Everybody knows that when an athlete shows up for a game, he or she puts on the uniform. You wouldn’t see Selena Williams trying to play tennis in high-heeled shoes or Colt McCoy showing up for a football game without his pads. Bottom line: No matter what you do, there is a uniform. Therefore, when you show up, it’s game time and you go to play, you put on the uniform.
Wearing that uniform during “game time,” which could mean acting as the CEO, CFO or CTO of a company, leading a sales team, being a sales person, or working at a retail outlet, doesn’t define who or what you are. However, when it is game time, you put on the uniform and step on the field of play.
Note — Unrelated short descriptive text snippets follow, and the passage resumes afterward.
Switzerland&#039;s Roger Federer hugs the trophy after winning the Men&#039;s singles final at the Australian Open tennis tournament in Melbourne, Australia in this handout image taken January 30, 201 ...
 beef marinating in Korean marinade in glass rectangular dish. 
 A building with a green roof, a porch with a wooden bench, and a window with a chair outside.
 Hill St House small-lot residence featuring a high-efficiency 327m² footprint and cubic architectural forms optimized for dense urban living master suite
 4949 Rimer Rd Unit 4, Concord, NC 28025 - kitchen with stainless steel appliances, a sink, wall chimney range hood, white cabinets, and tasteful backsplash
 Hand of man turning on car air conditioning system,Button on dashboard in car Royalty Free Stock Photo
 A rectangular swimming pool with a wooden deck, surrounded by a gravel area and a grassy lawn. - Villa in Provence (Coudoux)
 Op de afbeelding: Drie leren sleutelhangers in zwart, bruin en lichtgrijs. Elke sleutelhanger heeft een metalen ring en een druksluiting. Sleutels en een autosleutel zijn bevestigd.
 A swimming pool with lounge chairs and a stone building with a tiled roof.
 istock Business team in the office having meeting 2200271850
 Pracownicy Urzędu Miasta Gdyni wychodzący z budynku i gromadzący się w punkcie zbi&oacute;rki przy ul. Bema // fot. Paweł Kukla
When you are done, you wear what you want.
I live in Colorado and I love to fly fish and hike. Do I love the outdoor clothing that I have and how functional and comfortable it is? Yea, but I am not going to wear it on a sales call! I’m not going to wear it to a seminar or give a keynote in it.
I’ve always been mystified by how people can’t find that balance between what they want to wear and what they should wear in certain game situations. If it is time to play and you are playing to win, then the uniform can be a motivator. Honestly, would you show up to play on a football team in jeans and a t-shirt? No. That’s great for your off time, but, really, you don’t have to use work as your main venue of personal expression through clothing.
These days, however, there is a lot of latitude in how people should dress for work. With people working at an office and telecommuting on occasion (or a lot), some may forget the uniform they should be wearing when they go to their workplace. Many people need guidance, and, with corporate dressing protocol changing, however subtly, here are some of my top tips:
- First, remember the psychology of what you wear – what does what you are wearing say about you to your co-workers? That you care about your appearance? That you respect your workplace? Or that you like to wear funny t-shirts? Remember, funny t-shirts can be amazing for the weekend or after work… not at work, unless you work for Snorgtees.
- In the past, wearing denim to work was more than taboo. Today, it is the norm for most places on Fridays, but many places have a year-round casual work environment. If you want to wear jeans, and your workplace encourages it, remember: no holes, no fraying, no patches, and not too much skin. A nice pair of denim jeans will work for anyone as long as you keep it classy.
- Don’t wear bow ties. They are for college students and elderly statesmen. They don’t work for the average sales guy.
- No sweatpants. I can’t say much more about this one.
- No tennis shoes. See #4.
- Think about what colors you wear – remember the yellow “power ties” of the 80s? Color does make a statement. Blue evokes trust, loyalty, and peacefulness while red or black can be seen as intimidating or overpowering. I really liked this article on colors for interviews, which can be helpful for the salesperson who is dressing for a proposal or meeting a new customer. Colors can evoke emotions whether you mean for them to or not, and you want your customers to feel good when they see you.
Just as a football player dons a uniform to become a warrior on the playing field, donning the right “corporate” uniform can make the difference between a win or a loss for you. More than 50-percent of all communication is conveyed through visual presentation. Make sure you are wearing a uniform of respect and purpose for your workplace, your colleagues, and your customers.